→ **Exercise brief**
Starting with the line below that holds "Casa T3 em Sintra, Portugal N.º 116588 8" and stopping after the line that holds "Sniper: Ghost Warrior 3 PC, wersja cyfrowa 4", transcribe the lines exactly, leaving out all pictures.

━━━ Source information ━━━

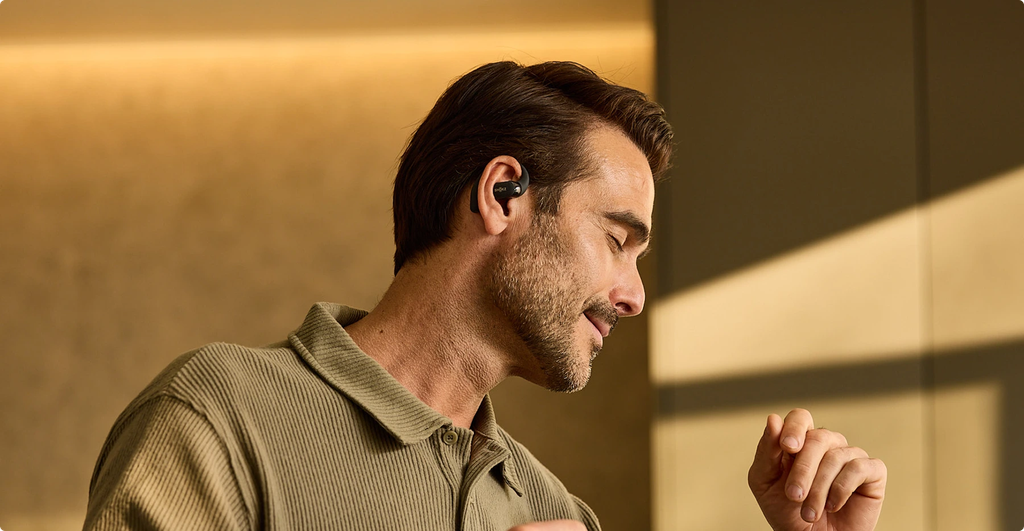 openfit2-series-sticky-img-1-pc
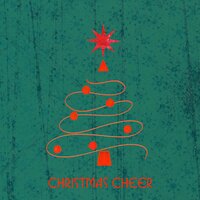 Santa's Here - Dave Hab & Paul Suchow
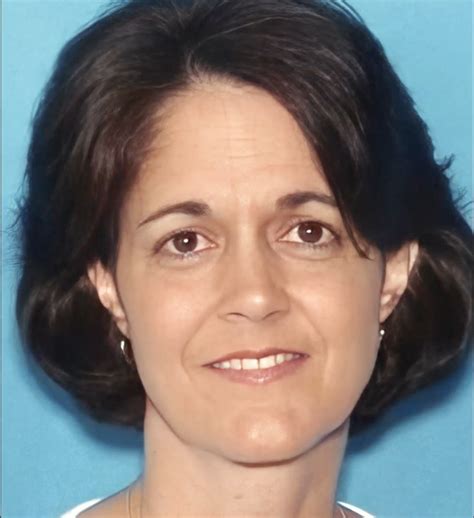 Hulu documentary looks at how missing woman's case sparked an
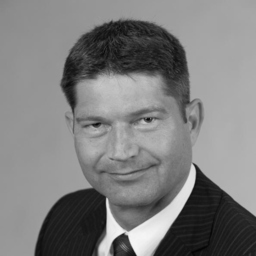 Christian Patermann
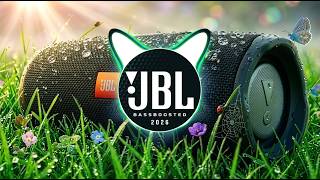 Download lagu DJ REMIX❗️|JBL MIX BEST 🔥VIP REMIX 💥2026 | PREMIUM ELECTRO DANCE MUSIC🚀🇺🇸 mp3 Download lagu DJ REMIX❗️|JBL MIX BEST 🔥VIP REMIX 💥2026 | PREMIUM ELECTRO DANCE MUSIC🚀🇺🇸 mp3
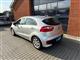 Billede af Kia Rio 1,2 CVVT Comfort 85HK 5d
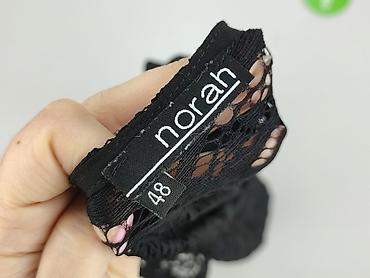 bluzka 46: Norah, Bluzka damska, rozmiar 4XL — 4
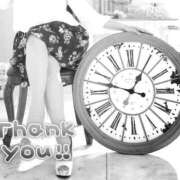 ヒメ日記 2026/04/08 08:26 投稿 山村 熟女の風俗最終章 新横浜店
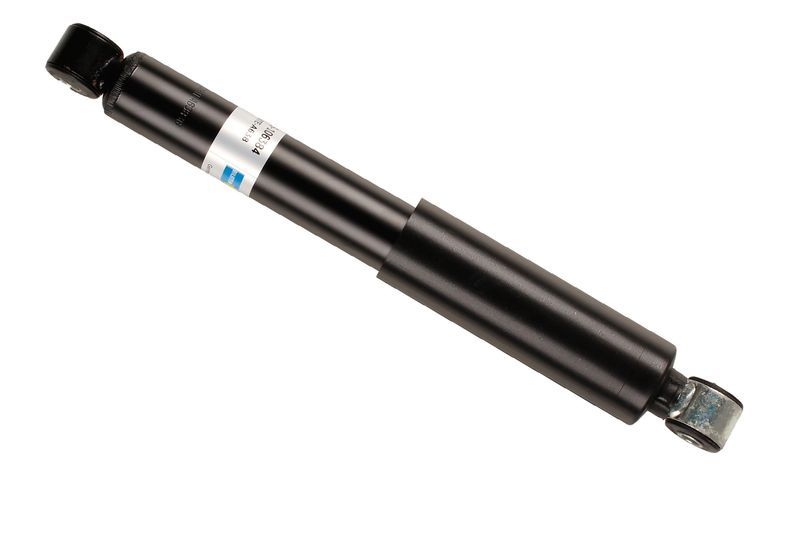 Bilstein 15-106384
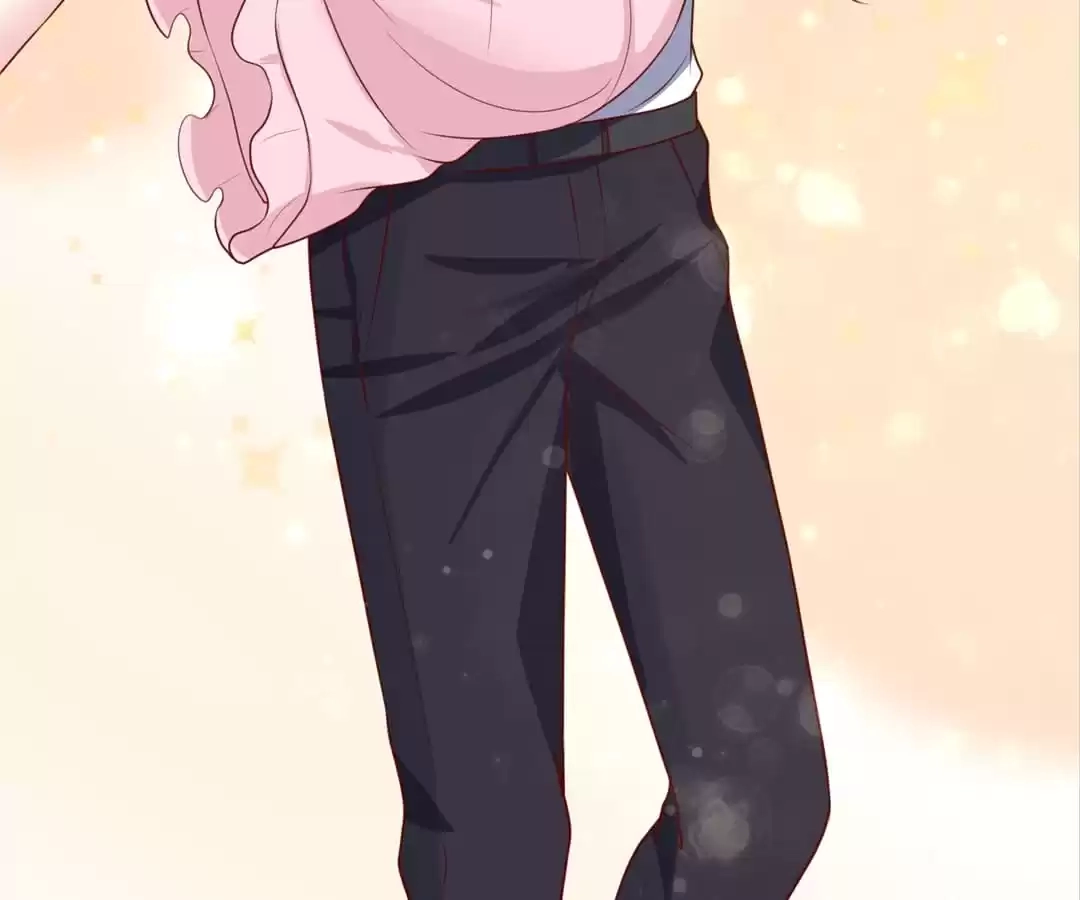 Honey, You Belong to Me! Chapter 146 - page 50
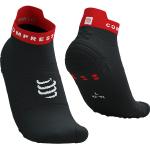 Compressport PRO Racing Socken 4.0 Run Low L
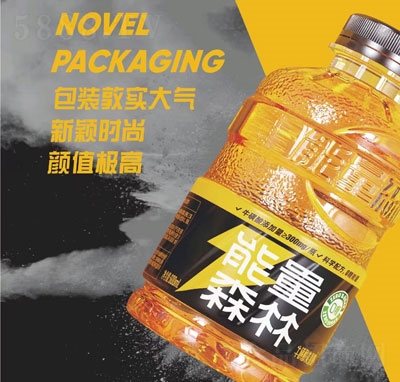ɭϹ600ml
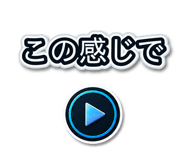 886293257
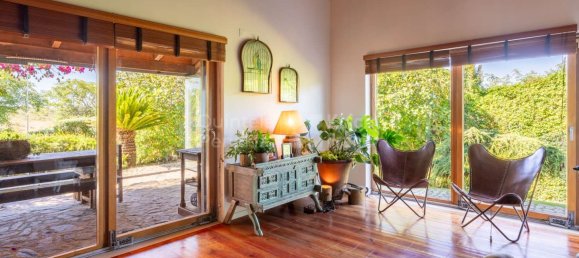 Casa T3 em Sintra, Portugal N.º 116588 8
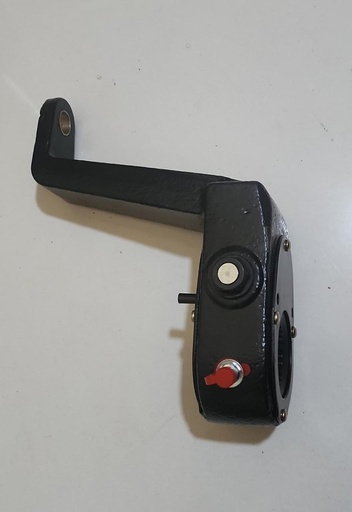 [TKL1-48270050-0] MANUAL SLACK ADJUSTER ISUZU CURVE *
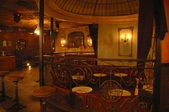 Enlarge photo 18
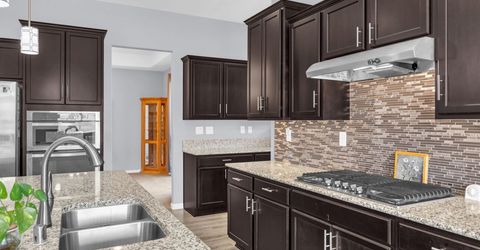 9886 Asfaloth Lane, Reno, NV 89521 Photo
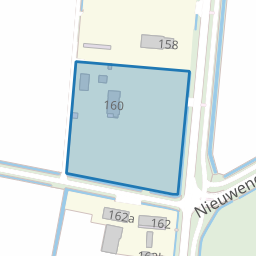 Perceel SMR02-G-5065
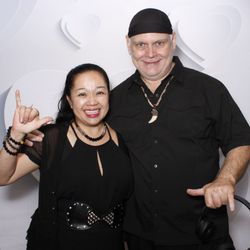 Hawaii Affordable DJ & Karaoke
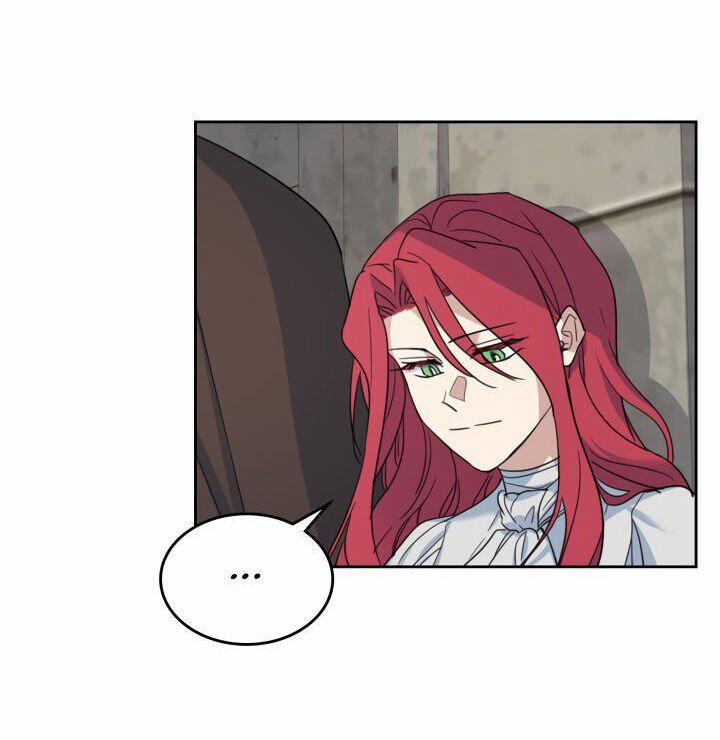 [18+] Người Đẹp Và Quái Vật 52 trang 15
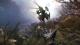 Sniper: Ghost Warrior 3 PC, wersja cyfrowa 4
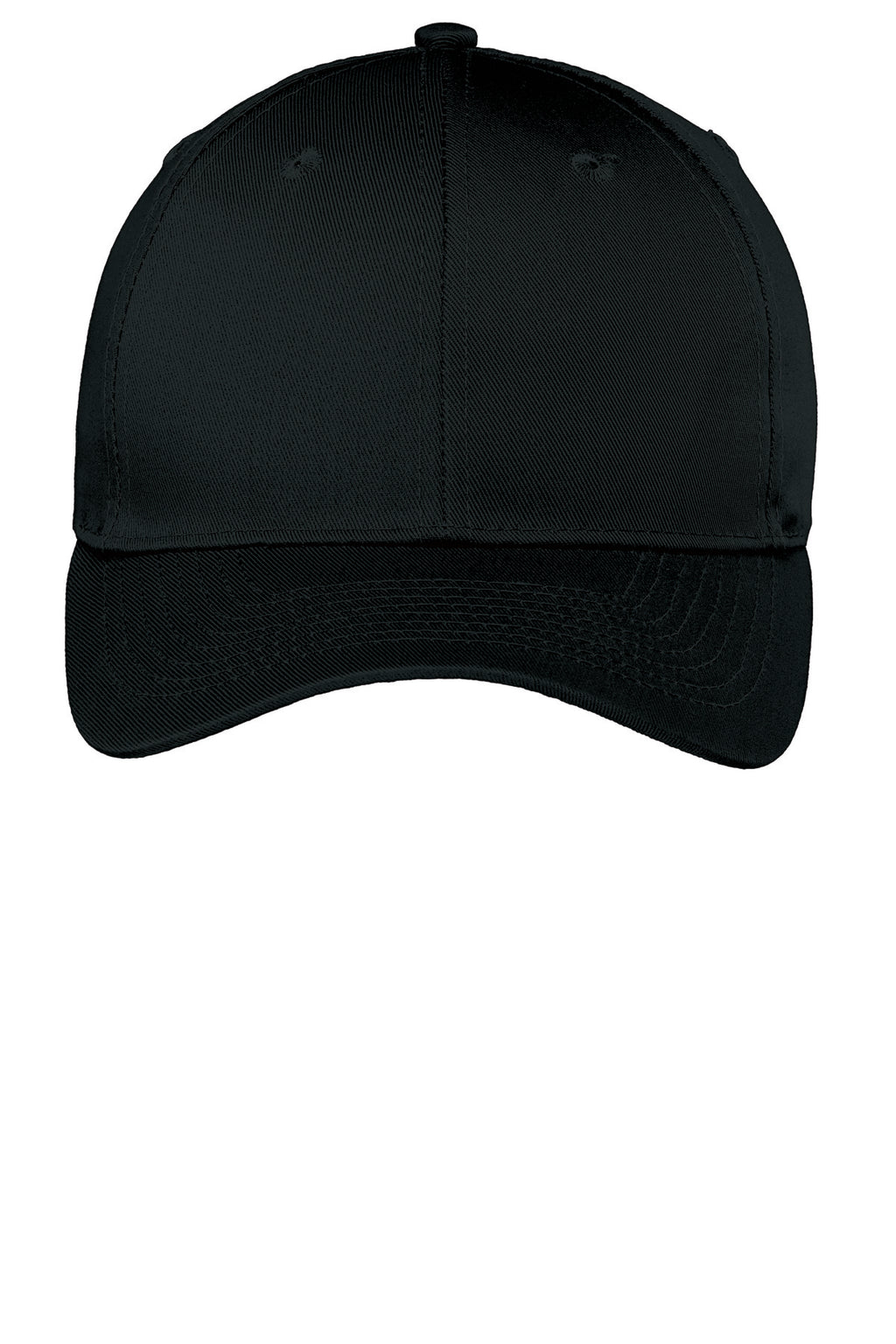 C608_black_full_front.jpg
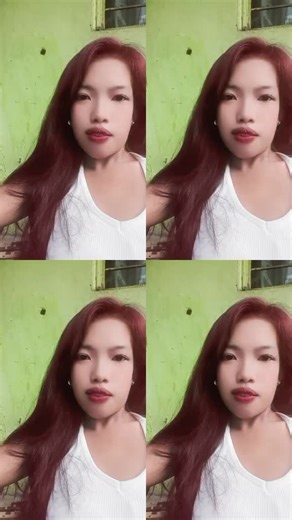 Princess Cassy on TikTok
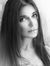 Lubov R...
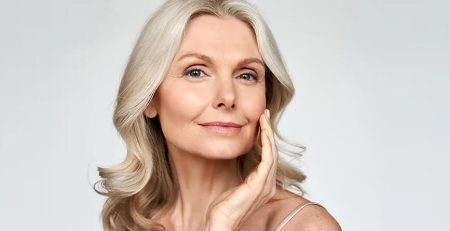 Facelift Surgery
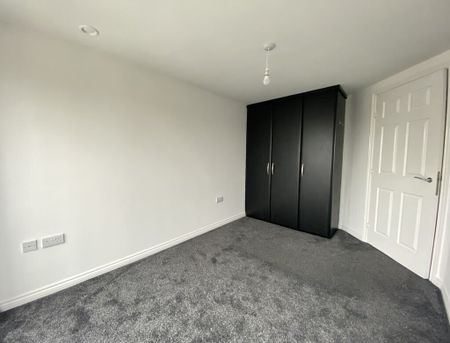 Fusion 7, 6 Middlewood Street - Photo 5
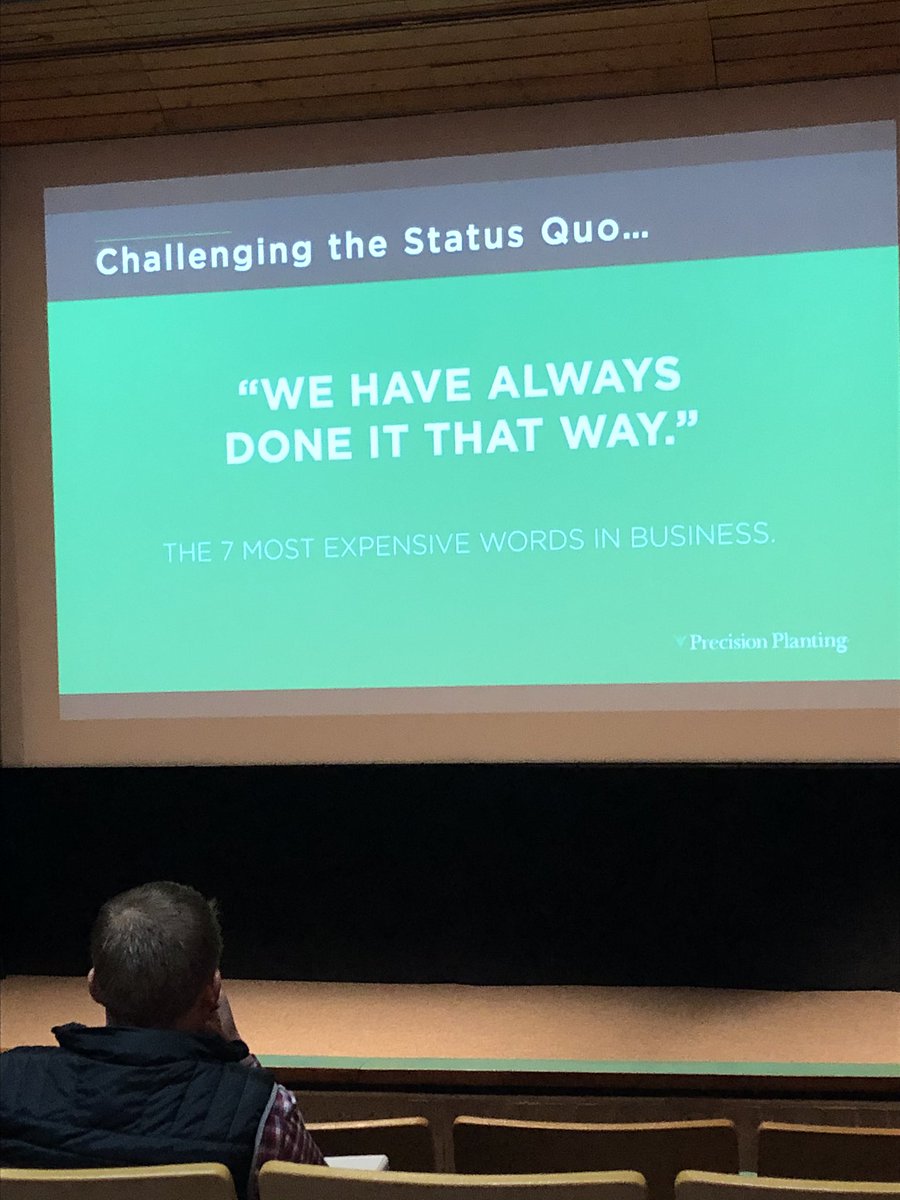 Adam Hansen tweet media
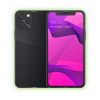 Celulares & Accesorios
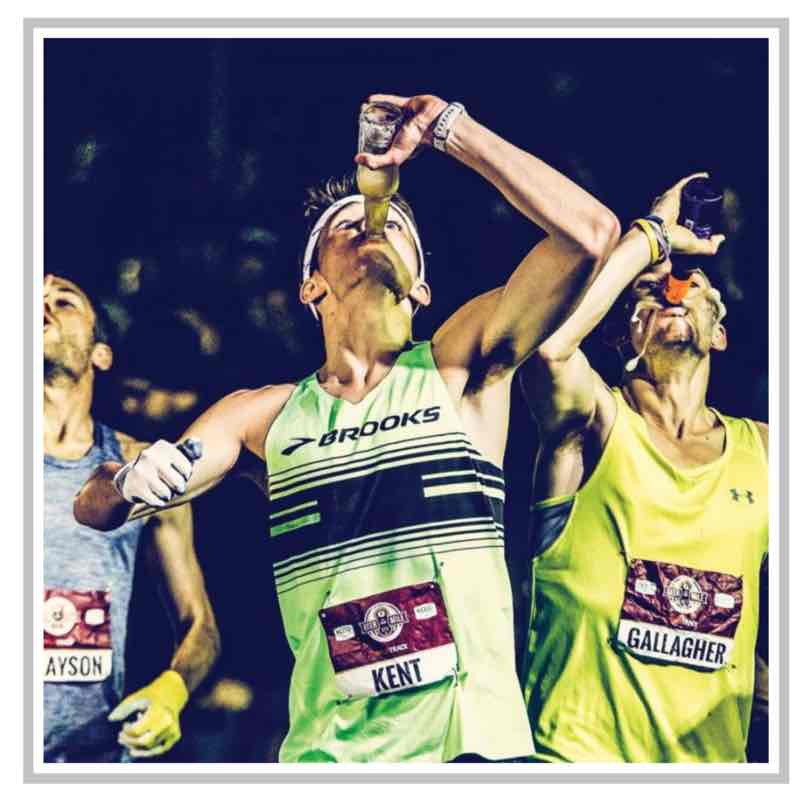 Гейметр Виталий post image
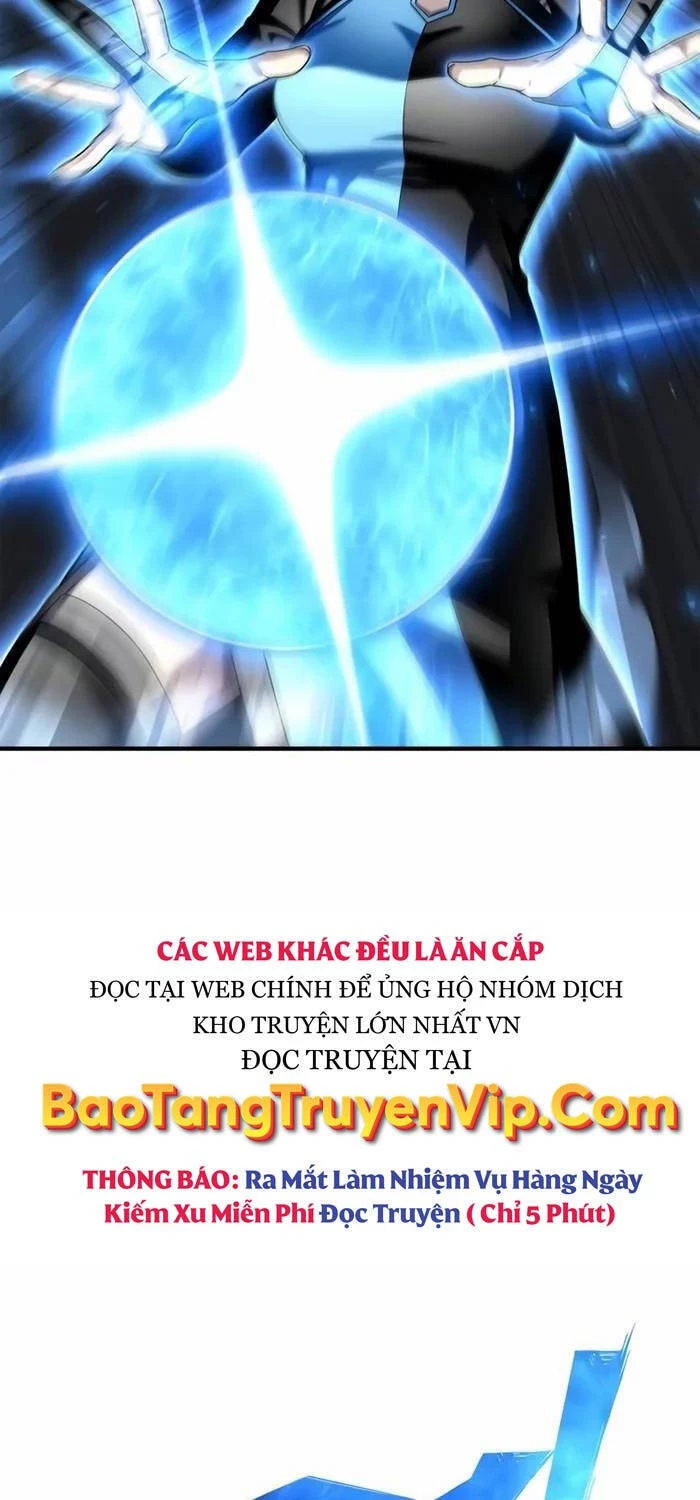 Cuộc Chiến Siêu Nhân Chapter 111 - 39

━━━

→ **Result for this exercise**
 Casa T3 em Sintra, Portugal N.º 116588 8
 [TKL1-48270050-0] MANUAL SLACK ADJUSTER ISUZU CURVE *
 Enlarge photo 18
 9886 Asfaloth Lane, Reno, NV 89521 Photo
 Perceel SMR02-G-5065
 Hawaii Affordable DJ & Karaoke
 [18+] Người Đẹp Và Quái Vật 52 trang 15
 Sniper: Ghost Warrior 3 PC, wersja cyfrowa 4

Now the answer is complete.